The cylindrical substrate was positioned vertically between two W filaments, parallel
to the axis of the sample. The flow of the feed gas was along the axis of the set-up. During
the deposition process, the substrates were rotated at approximately 4 rpm by magnetic
coupling to an electric motor outside the reactor chamber.
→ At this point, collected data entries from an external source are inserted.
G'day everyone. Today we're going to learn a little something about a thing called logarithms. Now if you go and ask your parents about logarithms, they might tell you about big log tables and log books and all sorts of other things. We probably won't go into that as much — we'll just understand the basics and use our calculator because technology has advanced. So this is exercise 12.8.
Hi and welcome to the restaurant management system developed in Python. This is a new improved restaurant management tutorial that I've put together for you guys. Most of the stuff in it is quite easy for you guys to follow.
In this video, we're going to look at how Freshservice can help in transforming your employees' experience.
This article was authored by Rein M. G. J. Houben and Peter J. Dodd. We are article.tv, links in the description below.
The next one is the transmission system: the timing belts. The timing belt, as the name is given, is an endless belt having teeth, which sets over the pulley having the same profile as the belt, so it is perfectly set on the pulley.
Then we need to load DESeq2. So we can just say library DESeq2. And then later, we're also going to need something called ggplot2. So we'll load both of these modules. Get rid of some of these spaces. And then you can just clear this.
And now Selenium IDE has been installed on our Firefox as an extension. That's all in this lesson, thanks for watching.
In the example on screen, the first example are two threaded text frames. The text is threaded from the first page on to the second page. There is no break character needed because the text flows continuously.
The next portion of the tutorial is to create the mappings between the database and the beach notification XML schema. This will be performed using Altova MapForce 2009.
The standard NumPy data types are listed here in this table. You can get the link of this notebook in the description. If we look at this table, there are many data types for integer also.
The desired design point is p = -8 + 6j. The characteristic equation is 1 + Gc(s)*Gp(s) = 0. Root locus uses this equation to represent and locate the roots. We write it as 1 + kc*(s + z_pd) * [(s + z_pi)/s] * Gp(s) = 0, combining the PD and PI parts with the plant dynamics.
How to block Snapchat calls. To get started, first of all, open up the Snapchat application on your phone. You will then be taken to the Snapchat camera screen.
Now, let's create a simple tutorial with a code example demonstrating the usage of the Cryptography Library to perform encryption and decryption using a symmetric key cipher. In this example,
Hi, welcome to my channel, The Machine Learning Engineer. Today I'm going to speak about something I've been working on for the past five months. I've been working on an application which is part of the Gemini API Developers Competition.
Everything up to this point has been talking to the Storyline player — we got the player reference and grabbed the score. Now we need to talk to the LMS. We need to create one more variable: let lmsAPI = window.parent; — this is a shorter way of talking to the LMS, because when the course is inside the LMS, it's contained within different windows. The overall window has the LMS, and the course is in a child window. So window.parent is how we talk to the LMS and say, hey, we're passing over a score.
Diamond films were grown from a mixture of ethyl alcohol (C2 H5 OH) vapor diluted
in hydrogen (99.5% vol.) at a total flow rate of 115 standard cubic centimeters per minute
(sccm), regulated by precision mass flow meters, and at a pressure of approximately 20
Torr. The boron doping source was obtained by adding a B2 O3 /water solution to the ethyl
alcohol feed reservoir before starting-up the reactor. The boron–carbon (B/C) concentration
ratio in the feed was 5000 ppm.
The filaments of 272 µm in diameter and 120 mm length were heated by a power
supply with power in the range (400–600) W. In all the experiments, the temperature was
gradually raised to the desired value, maintained constant during the film growth and, at
the end of the experiment, the electric power was suddenly turned off, so favouring the
delamination of the film from the substrate. All the presented results were obtained utilizing
self-sustained diamond samples.
Results and Discussion
Figure 1(A) presents a SEM image of a self-sustained diamond film that was grown on
stainless steel (AISI316) substrate. Average growth rate of 0.5 µm h−1 was achieved,
after long initial nucleation. As one can see in Fig. 1(A), the size of the nanograins is
roughly around 10 nm. Fig. 1(B) shows the Raman spectrum, which is typically of CVD
produced nanodiamond, presenting broad peaks at 1140, 1350, 1480 and 1550 cm−1 that
are signatures of the CVD diamond nanocrystalline structures [5–8].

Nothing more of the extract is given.